CULTURE

Homer’s strong influence on poet Longley

Poet Michael Longley had always been curious to see Greece. It wasn’t just that he studied the classics at university, and has drawn inspiration from Homer for some of his most striking poems. He also wanted to verify a similarity he thought he had observed in photographs between the physical features of his Irish homeland and Greece. «I thought of Ireland as a waterlogged Greece, and Greece as a sunny Ireland,» he told Kathimerini English Edition. Longley was in town Monday at the invitation of the European Translation Center (EKEMEL), whose director Helene Zervas had organized a week’s stay for him and his wife, critic Edna Longley, at the House of Literature at Lefkes on Paros. A wildflower aficionado who frequently extols the natural world in his poems, Longley was in his element, and is already planning a return trip on his own account. He spoke to the press at EKEMEL ahead of a public reading from his book «Homer’s Octopus and other Poems,» a bilingual English-Greek edition translated by Greek poet Haris Vlavianos, just out from Patakis publishers. Asked about the influence of Greek myth on his work, Longley said that he had been a poor student «because I spent all my time trying to write poetry,» but that he had rediscovered Homer in his late 40s.
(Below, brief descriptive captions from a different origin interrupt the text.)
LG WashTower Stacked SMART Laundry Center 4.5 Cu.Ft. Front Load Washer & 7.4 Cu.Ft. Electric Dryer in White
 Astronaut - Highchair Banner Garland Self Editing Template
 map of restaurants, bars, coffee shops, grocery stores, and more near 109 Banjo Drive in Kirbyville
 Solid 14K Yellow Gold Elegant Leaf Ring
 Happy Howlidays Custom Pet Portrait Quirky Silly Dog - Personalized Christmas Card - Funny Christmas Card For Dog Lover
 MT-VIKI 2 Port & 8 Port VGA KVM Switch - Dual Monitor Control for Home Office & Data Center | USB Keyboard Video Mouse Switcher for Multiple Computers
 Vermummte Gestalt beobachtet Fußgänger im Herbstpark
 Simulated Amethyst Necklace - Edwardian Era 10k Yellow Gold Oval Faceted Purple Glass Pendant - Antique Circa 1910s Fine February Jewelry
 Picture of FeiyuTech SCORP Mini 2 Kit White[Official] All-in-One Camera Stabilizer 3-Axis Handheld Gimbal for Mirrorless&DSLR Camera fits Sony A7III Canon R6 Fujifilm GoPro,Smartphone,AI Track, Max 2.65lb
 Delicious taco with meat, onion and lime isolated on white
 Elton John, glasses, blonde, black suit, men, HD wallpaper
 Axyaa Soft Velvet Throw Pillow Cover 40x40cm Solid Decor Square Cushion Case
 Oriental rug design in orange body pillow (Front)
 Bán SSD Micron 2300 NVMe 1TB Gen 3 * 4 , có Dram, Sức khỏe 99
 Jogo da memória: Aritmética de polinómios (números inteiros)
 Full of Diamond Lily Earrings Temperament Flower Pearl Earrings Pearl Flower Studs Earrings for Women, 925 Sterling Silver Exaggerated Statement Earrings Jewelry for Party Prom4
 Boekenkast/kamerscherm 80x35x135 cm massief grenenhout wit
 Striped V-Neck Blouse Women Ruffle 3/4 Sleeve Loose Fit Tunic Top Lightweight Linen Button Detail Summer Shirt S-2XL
He spoke about how Homer had allowed him «to give voice to my lamentations for my mother and my father.» He cited the «heart-stopping moment» when Odysseus meets his father again, and the scene where he visits the underworld and tries to embrace his mother but can’t because she’s a ghost. Releasing poetic potential Homer also, he said, allowed him to write about war and about «our little fratricidal civil war.» His poem «The Butchers,» about a group of Protestant paramilitaries who used to kidnap, torture and kill Catholics, owes something to the scene where Odysseus slays the suitors. «I don’t think I could have written about that terrible episode in our history without Homer,» he explained. Reading to an appreciative crowd that evening, Longley summed up his approach neatly: «We read the epics like page-turners to see what happens next – I halt the narrative flow and release the poetic potential.» We look forward to more of that and him.